▸ The task: Exclude the pictures and retype the entries as written.

━━━

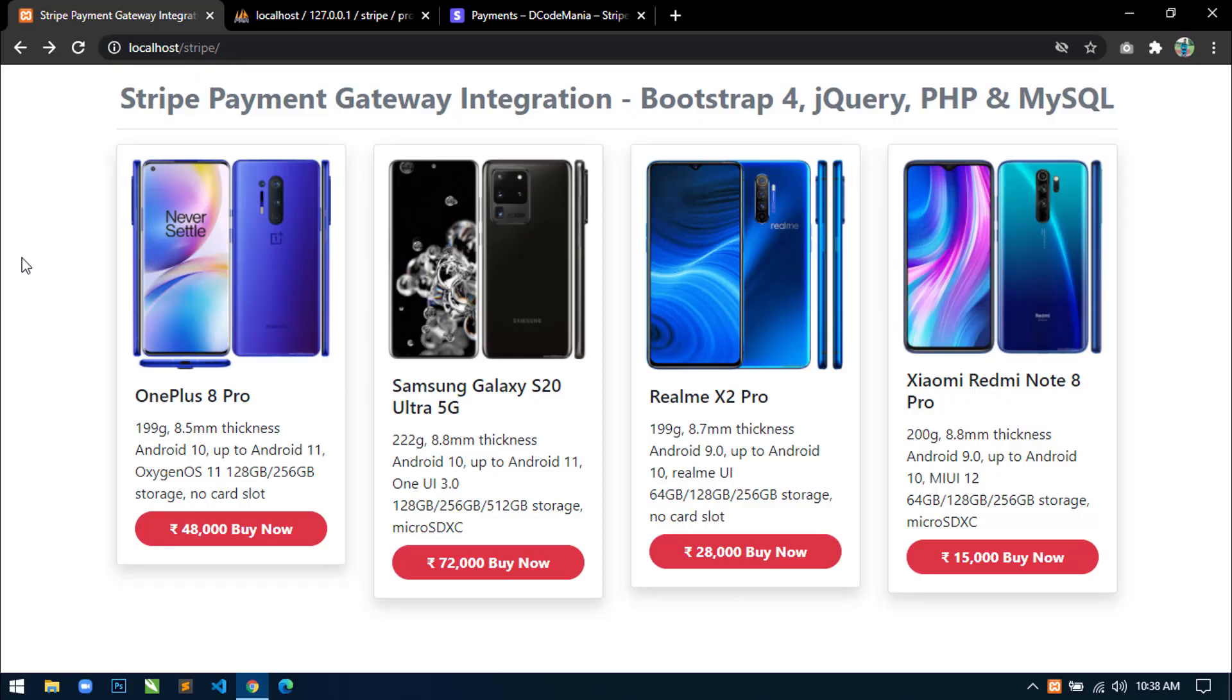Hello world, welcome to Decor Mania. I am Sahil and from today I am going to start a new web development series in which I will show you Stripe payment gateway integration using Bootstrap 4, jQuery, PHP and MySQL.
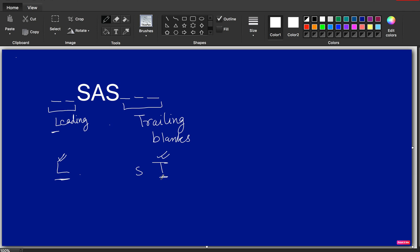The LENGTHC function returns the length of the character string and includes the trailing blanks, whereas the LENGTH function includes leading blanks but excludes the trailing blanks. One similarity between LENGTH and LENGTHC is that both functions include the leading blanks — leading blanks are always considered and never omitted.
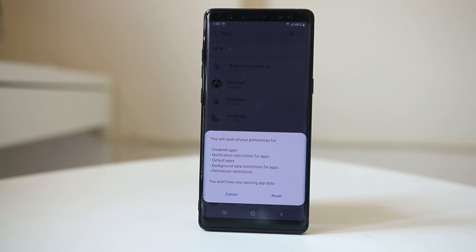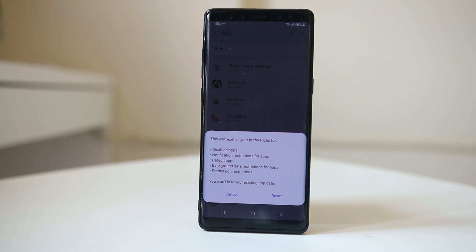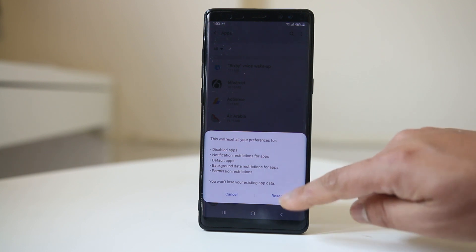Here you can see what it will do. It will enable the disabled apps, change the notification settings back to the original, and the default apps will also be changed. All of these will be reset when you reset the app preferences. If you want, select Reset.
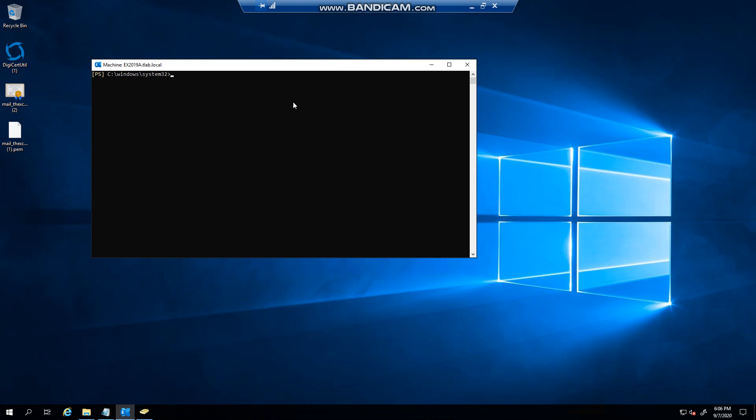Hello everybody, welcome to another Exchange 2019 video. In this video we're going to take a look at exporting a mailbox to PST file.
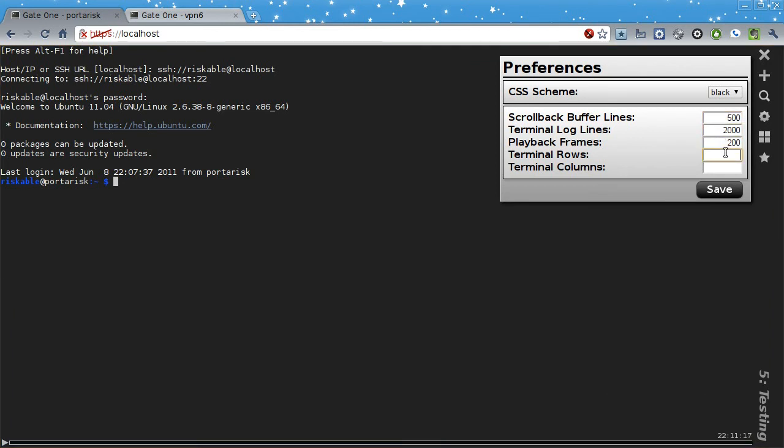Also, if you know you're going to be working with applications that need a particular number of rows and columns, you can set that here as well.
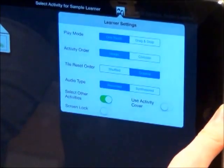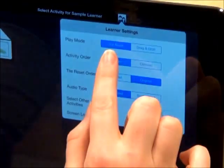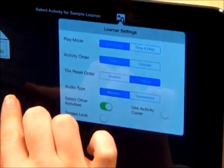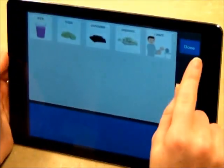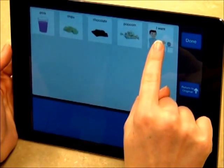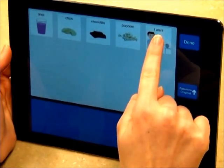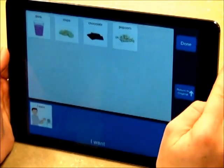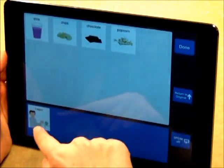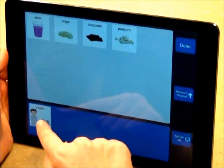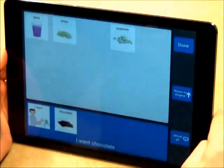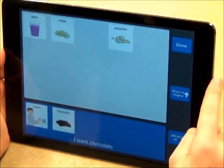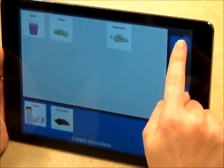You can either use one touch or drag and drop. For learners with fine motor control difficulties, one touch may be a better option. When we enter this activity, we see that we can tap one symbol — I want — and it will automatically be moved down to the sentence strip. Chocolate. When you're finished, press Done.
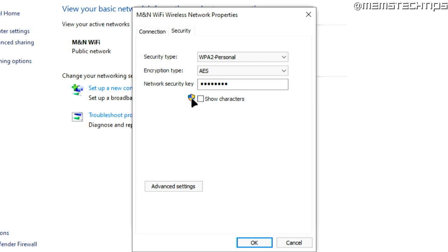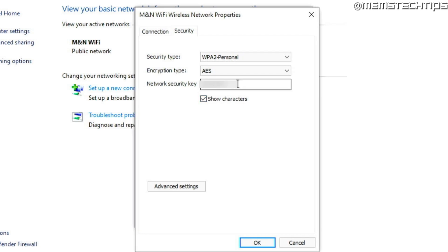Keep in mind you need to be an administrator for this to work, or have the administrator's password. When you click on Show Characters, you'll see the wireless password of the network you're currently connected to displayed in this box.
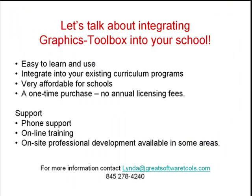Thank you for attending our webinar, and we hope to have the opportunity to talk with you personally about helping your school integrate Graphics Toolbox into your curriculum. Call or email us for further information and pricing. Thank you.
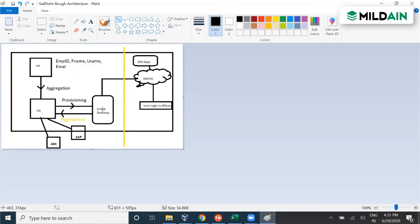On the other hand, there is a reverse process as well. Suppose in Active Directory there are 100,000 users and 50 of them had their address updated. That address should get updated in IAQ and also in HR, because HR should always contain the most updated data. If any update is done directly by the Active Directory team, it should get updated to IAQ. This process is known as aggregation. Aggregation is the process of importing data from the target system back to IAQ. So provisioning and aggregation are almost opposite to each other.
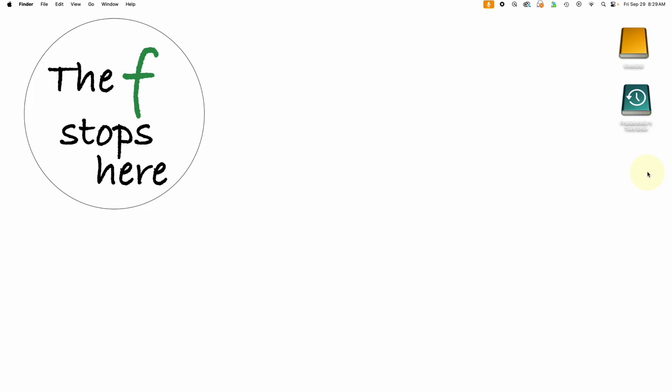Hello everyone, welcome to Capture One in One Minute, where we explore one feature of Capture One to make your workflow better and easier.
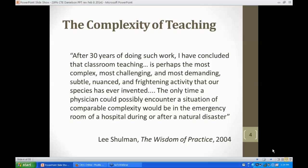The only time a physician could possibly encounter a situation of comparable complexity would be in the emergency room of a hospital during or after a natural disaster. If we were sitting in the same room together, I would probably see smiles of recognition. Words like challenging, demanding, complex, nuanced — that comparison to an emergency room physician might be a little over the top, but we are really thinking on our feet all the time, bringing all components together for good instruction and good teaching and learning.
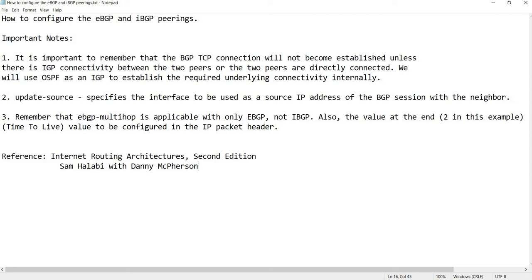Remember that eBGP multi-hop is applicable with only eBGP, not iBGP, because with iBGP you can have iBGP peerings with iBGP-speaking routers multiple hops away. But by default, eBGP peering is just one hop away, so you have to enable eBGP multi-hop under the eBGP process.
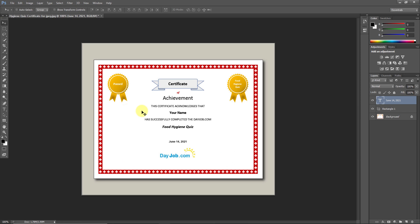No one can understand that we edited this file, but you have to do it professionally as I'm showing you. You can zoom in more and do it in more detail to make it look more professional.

━━━

▸ Exercise solution:
Hello world, welcome to Decor Mania. I am Sahil and from today I am going to start a new web development series in which I will show you Stripe payment gateway integration using Bootstrap 4, jQuery, PHP and MySQL.
The LENGTHC function returns the length of the character string and includes the trailing blanks, whereas the LENGTH function includes leading blanks but excludes the trailing blanks. One similarity between LENGTH and LENGTHC is that both functions include the leading blanks — leading blanks are always considered and never omitted.
Here you can see what it will do. It will enable the disabled apps, change the notification settings back to the original, and the default apps will also be changed. All of these will be reset when you reset the app preferences. If you want, select Reset.
Hello everybody, welcome to another Exchange 2019 video. In this video we're going to take a look at exporting a mailbox to PST file.
Also, if you know you're going to be working with applications that need a particular number of rows and columns, you can set that here as well.
You can either use one touch or drag and drop. For learners with fine motor control difficulties, one touch may be a better option. When we enter this activity, we see that we can tap one symbol — I want — and it will automatically be moved down to the sentence strip. Chocolate. When you're finished, press Done.
Keep in mind you need to be an administrator for this to work, or have the administrator's password. When you click on Show Characters, you'll see the wireless password of the network you're currently connected to displayed in this box.
Thank you for attending our webinar, and we hope to have the opportunity to talk with you personally about helping your school integrate Graphics Toolbox into your curriculum. Call or email us for further information and pricing. Thank you.
On the other hand, there is a reverse process as well. Suppose in Active Directory there are 100,000 users and 50 of them had their address updated. That address should get updated in IAQ and also in HR, because HR should always contain the most updated data. If any update is done directly by the Active Directory team, it should get updated to IAQ. This process is known as aggregation. Aggregation is the process of importing data from the target system back to IAQ. So provisioning and aggregation are almost opposite to each other.
Hello everyone, welcome to Capture One in One Minute, where we explore one feature of Capture One to make your workflow better and easier.
The only time a physician could possibly encounter a situation of comparable complexity would be in the emergency room of a hospital during or after a natural disaster. If we were sitting in the same room together, I would probably see smiles of recognition. Words like challenging, demanding, complex, nuanced — that comparison to an emergency room physician might be a little over the top, but we are really thinking on our feet all the time, bringing all components together for good instruction and good teaching and learning.
Remember that eBGP multi-hop is applicable with only eBGP, not iBGP, because with iBGP you can have iBGP peerings with iBGP-speaking routers multiple hops away. But by default, eBGP peering is just one hop away, so you have to enable eBGP multi-hop under the eBGP process.
No one can understand that we edited this file, but you have to do it professionally as I'm showing you. You can zoom in more and do it in more detail to make it look more professional.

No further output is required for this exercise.